Total E & P UK Ltd has this week applied for planning permission to build its gas processing plant together with pipelines and associated roads at land close to the Sullom Voe Terminal. The company has also applied for a works licence to enable development of the Laggan-Tormore gas condensate fields west of Shetland.
Representatives from the Total project told Delting Community Council that early plans envisage around 150 workers coming to Shetland in the initial stage, or “phase one” of the work – they will be able to be accommodated locally at hotels and guest houses.
However in phase two the numbers will go up to about 450 by 2011, rising to 700 by 2012. According to Total liaison officer Rhonda Kelly, the company is actively considering housing the workers in temporary modular units at Sella Ness, near to the construction site.
The two-storey accommodation blocks are expected to be shipped up to Sullom Voe and assembled on the site, which is already serviced. Modules could be added as required and the entire construction would be taken away when no longer needed.
The accommodation blocks would house a recreation area and gym, but would not be licensed, unlike the former construction camps at Firth and Toft. They would provide accommodation for around 500, with the remainder being housed locally. It is expected that the men would work 12-hour shifts, possibly 7am to 7pm. During the pipe-laying phase work will go on round the clock.
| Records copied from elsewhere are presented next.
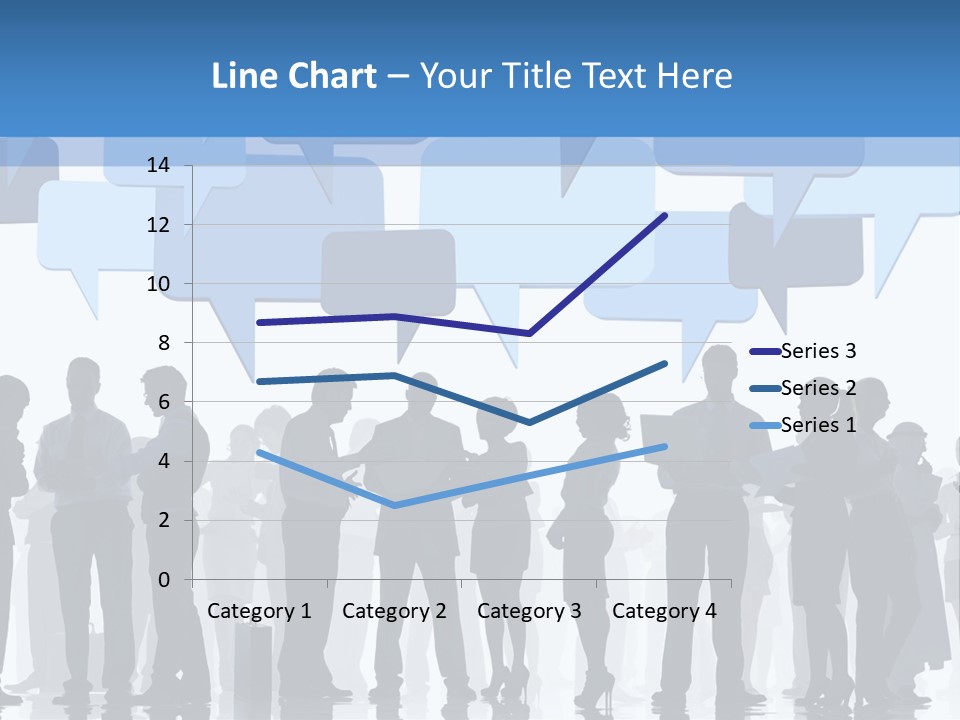 A Group Of People Standing In Front Of Speech Bubbles PowerPoint Template
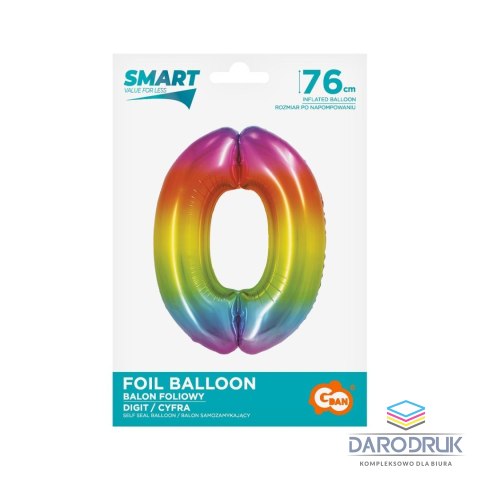 Godan Balon foliowy Smart cyfra 0 tęcza 76cm Godan (CH-STC0)
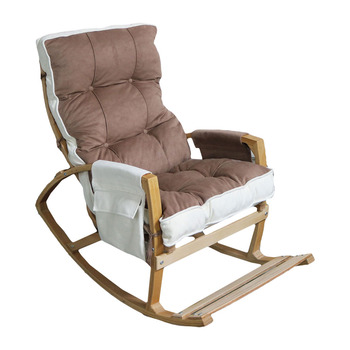 Mobildeco Vezir Lüx Ahşap Çift Minderli Çift Cepli Sallanan Sandalye Kahverengi/Krem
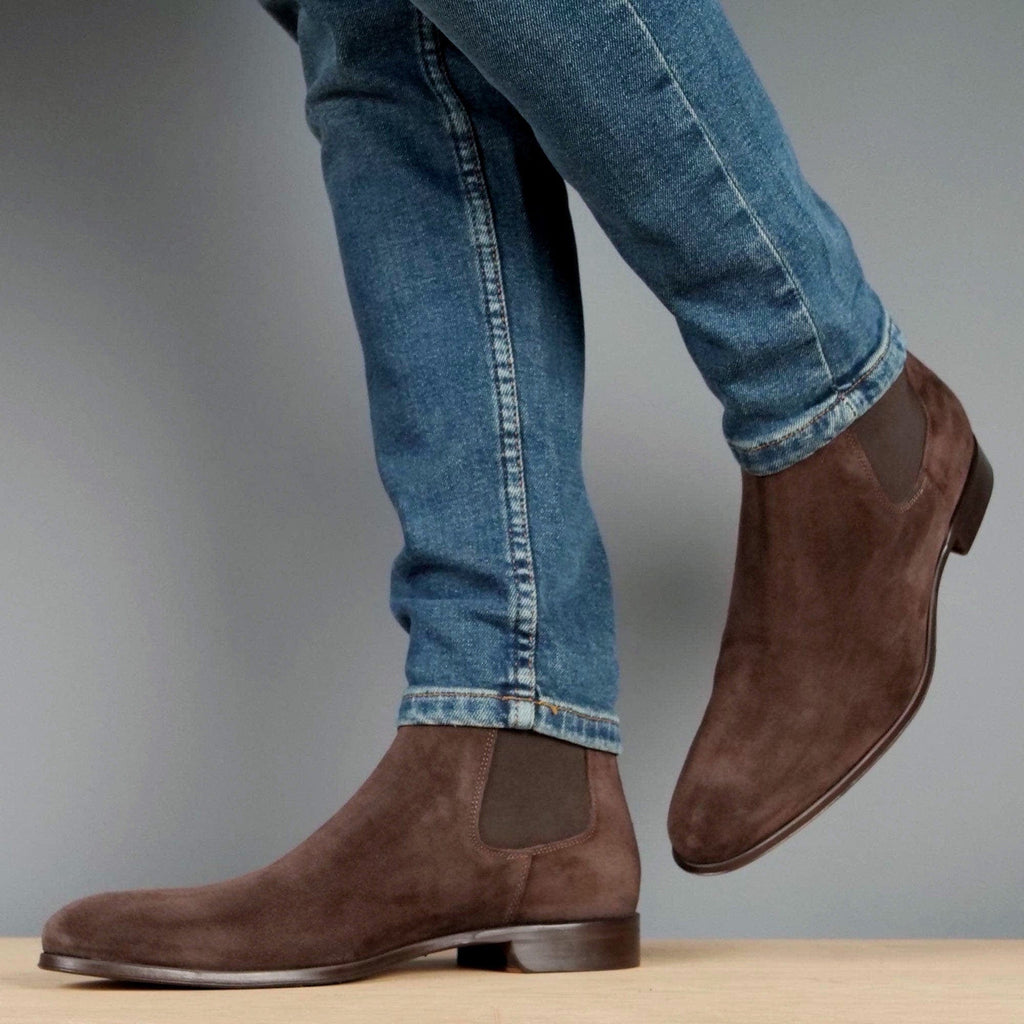 Elvario Handmade Dark Brown Suede Chelsea Boots – Premium Leather Ankle Boots for Men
Ms Kelly said the area was favoured for accommodation due to its proximity to the work site. The venture should ensure work for Shetland-based ancillary services for four to five years and there could be a possibility of training and apprenticeships for local people, although nothing has yet been decided.
Regarding environmental issues, the meeting heard that peat disposal from the site was a major consideration. The problem could be solved by storing peat in reservoirs in terraces as close to the site as possible. The Scottish Environment Protection Agency and Scottish Natural Heritage could supply diagrams indicating how to store the peat, she said.
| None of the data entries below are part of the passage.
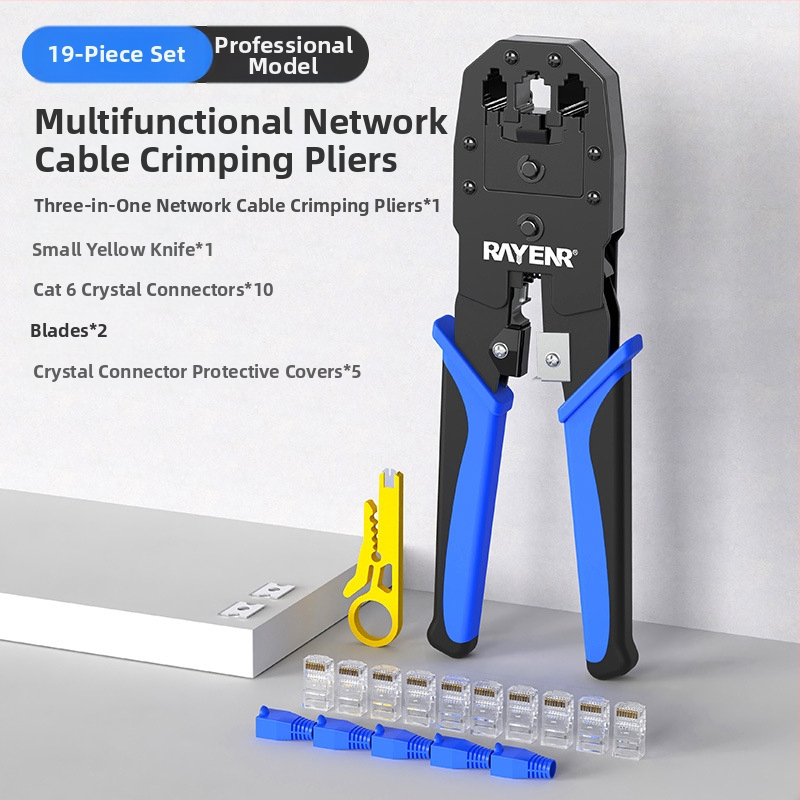 Krimpovacie kliešte na sieťové káble RJ45, Cat5–Cat8, profesionálnej úrovne, úsporný dizajn, materiál A3 oceľ, domáca testovacia súprava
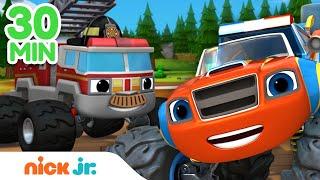 Blaze Fire & Police Emergency Rescues!  w/ AJ & Watts | 30 Minute Compilation | Nick Jr.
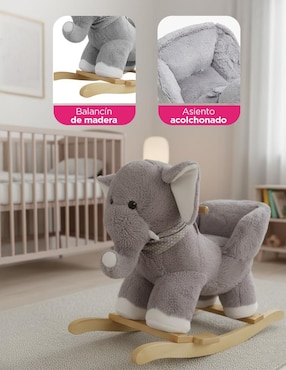 Balancín montable Vanlig trompy el elefante abrazable con sonido de batería unisex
Once it is built, the Total gas processing plant will require about 60-70 permanent employees to operate the plant and remotely operate the offshore wells.
The Laggan-Tormore production will be brought to the site by two underwater pipelines going through Yell Sound with landfall in Orka Voe. Basic processing will take place before gas is piped onwards to the St Fergus gas terminal near Peterhead, via the pipeline going out through Firths Voe. The oil condensate extracted from the gas will be stored at Sullom Voe and exported by tanker.
The project will be of importance both to Shetland and to the UK because it could allow other west of Shetland fields to start gas production at greatly reduced cost by sending their oil through Total’s pipes.
Total recently acquired a 43.5 per cent stake in a field licence which includes the Tobermory gas field in the area, 110 miles north west of Shetland, which would feed into the proposed system.